In a seemingly unrelated topic, Abraham Lincoln wrote what has come to be called a “Meditation” during the Civil War that was only recently published. He was wrestling with the question why God was permitting the war to happen. Ultimately, he was wrestling with the question of free will versus determinism. Regarding the war, which was not going well and eventually cost America 630,000 lives, Lincoln muses thusly:
“The will of God prevails. In great contests each party claims to act in accordance with the will of God. Both may be, and one must be, wrong. God cannot be for and against the same thing at the same time.. . .”

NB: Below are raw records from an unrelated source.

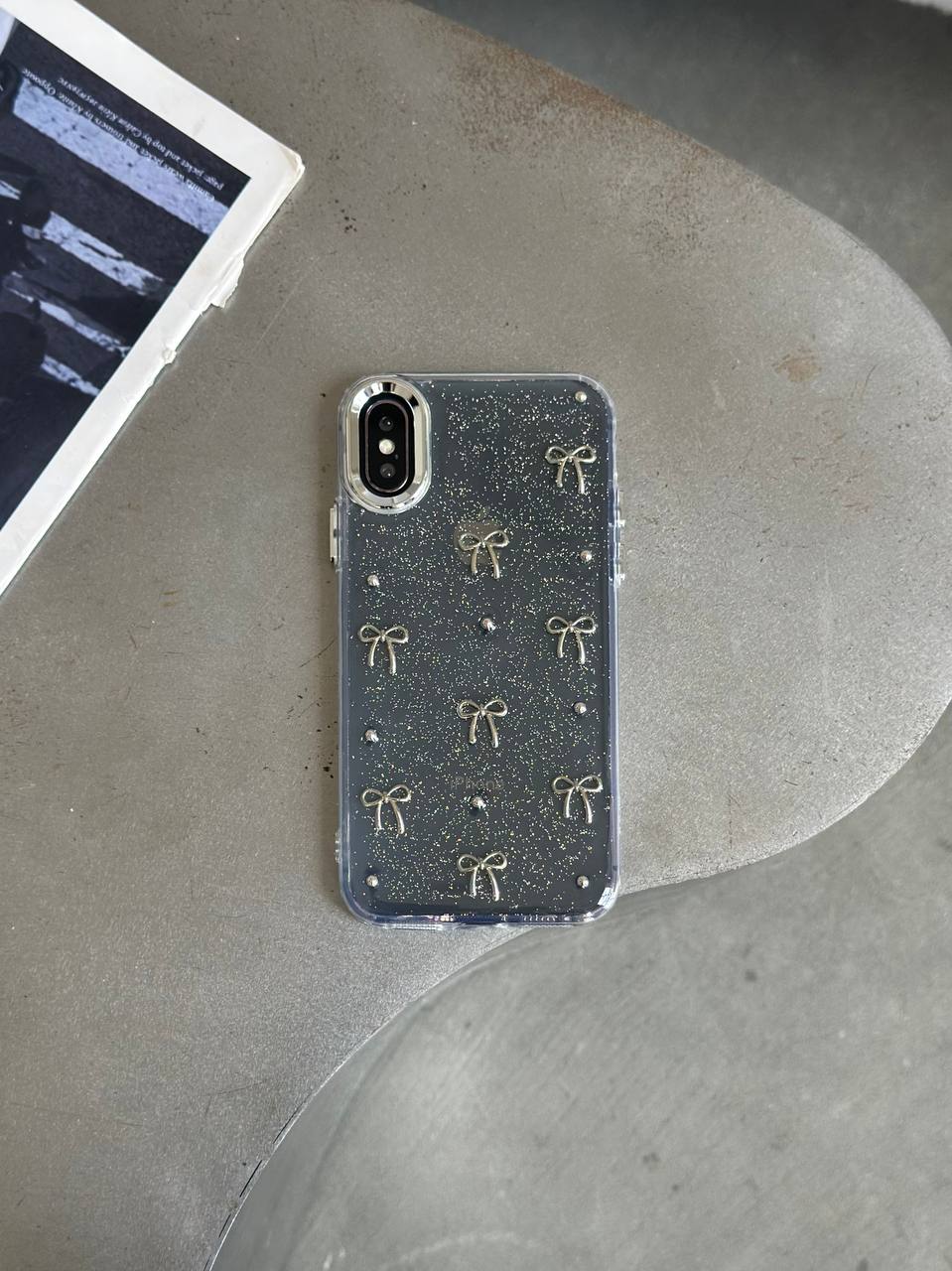 Чехол прозрачный Bow Case с бантиками на iPhone X/XS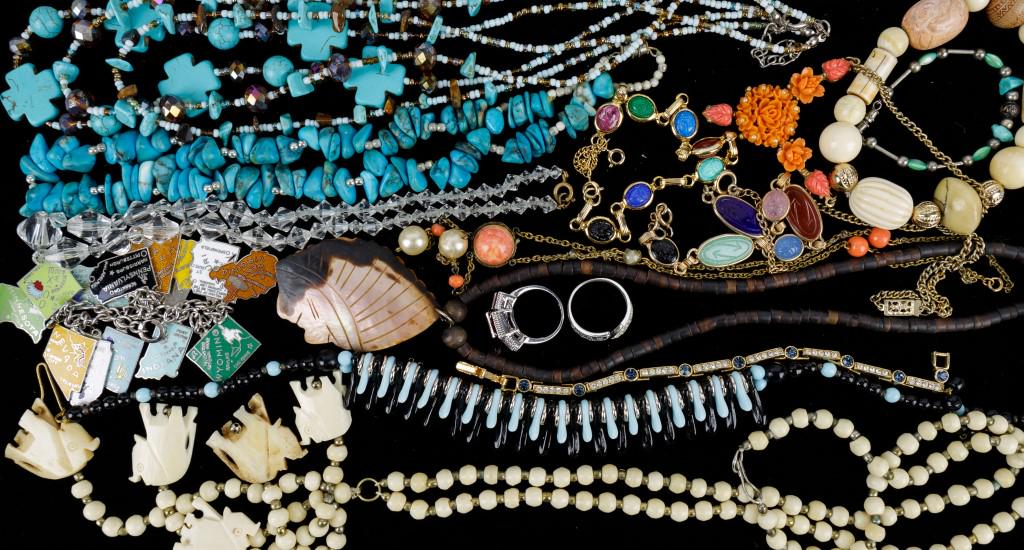 Vintage & Other Jewelry: Bone bead elephant necklace, turquoise style necklaces, shell Native American Chief, scarab bracelets, coral style necklace, state charm bracelet, and more.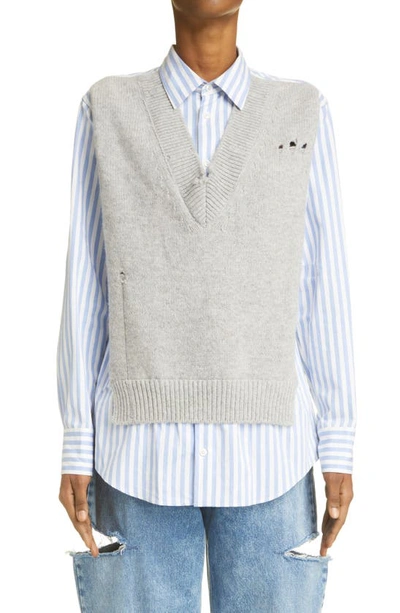 Maison Margiela Hybrid Wool Sweater Vest & Cotton Poplin Button-up Shirt In Stripe White And Sky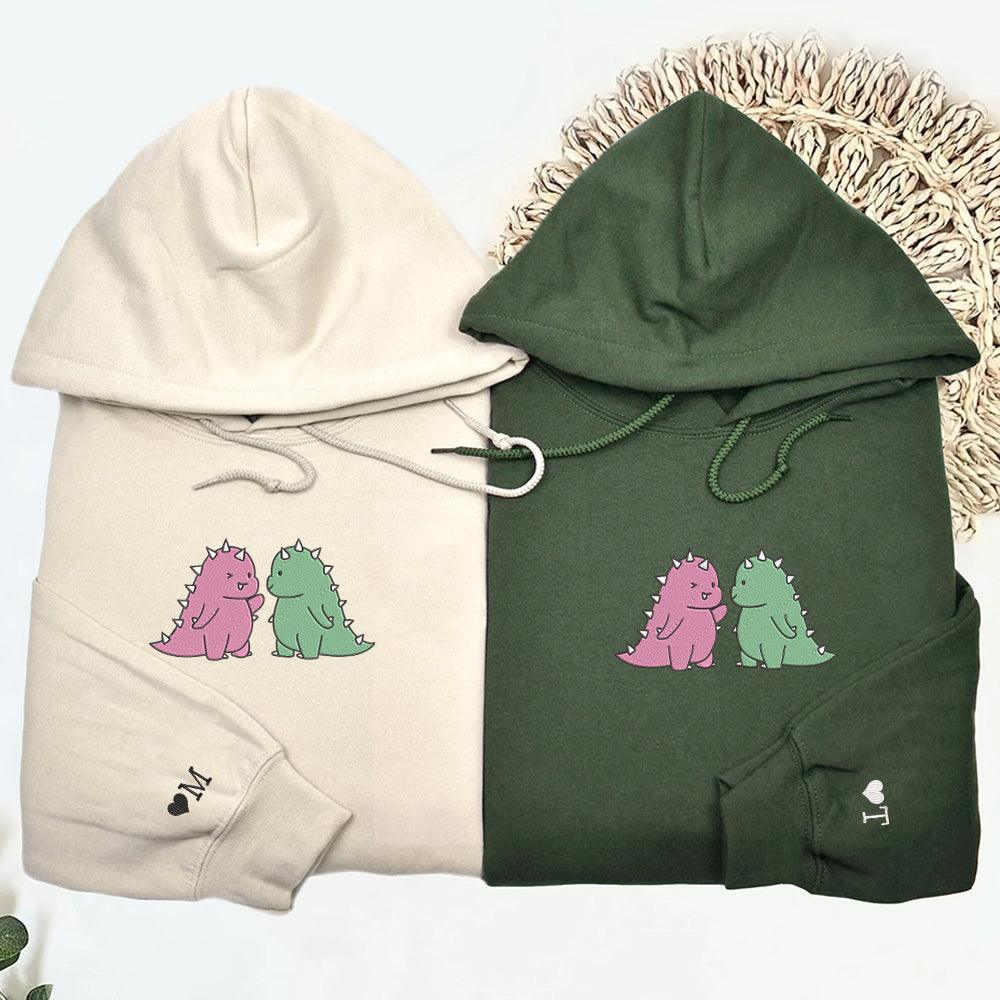 Cute Dinosaur Couple Custom Embroidered Matching Hoodies For Couples - Image 3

Lincoln picked up the same theme in his Second Inaugural — regarded by many (and himself) as the best speech he ever wrote. And this suggests that he was still wrestling with the dilemma at the end of the war. And well he should. But he knew one thing: either the North or the South was right in fighting the war, they could not both be right. They might both have been wrong, as Lincoln suggests, but they cannot both be right. It is not a matter of opinion; it is a matter of fact. But it is a fact that we may not be able to make out clearly, groping as we do through a thick mist of bias and confusion with our limited perspective, prejudices, and meager intelligence. From God’s perspective, there is one right and one wrong and perhaps only He knows which is which. So as we struggle to determine which side was in the right we may never see the answer clearly, but we can be certain, as Lincoln was, that one side or the other is right — they cannot both be right. Lincoln expresses this difficulty at the end of his famous Cooper Union Address when he famously says, “Let us have faith that right makes might, and in that faith, let us, to the end, dare to do our duty as we understand it.” (Italics added).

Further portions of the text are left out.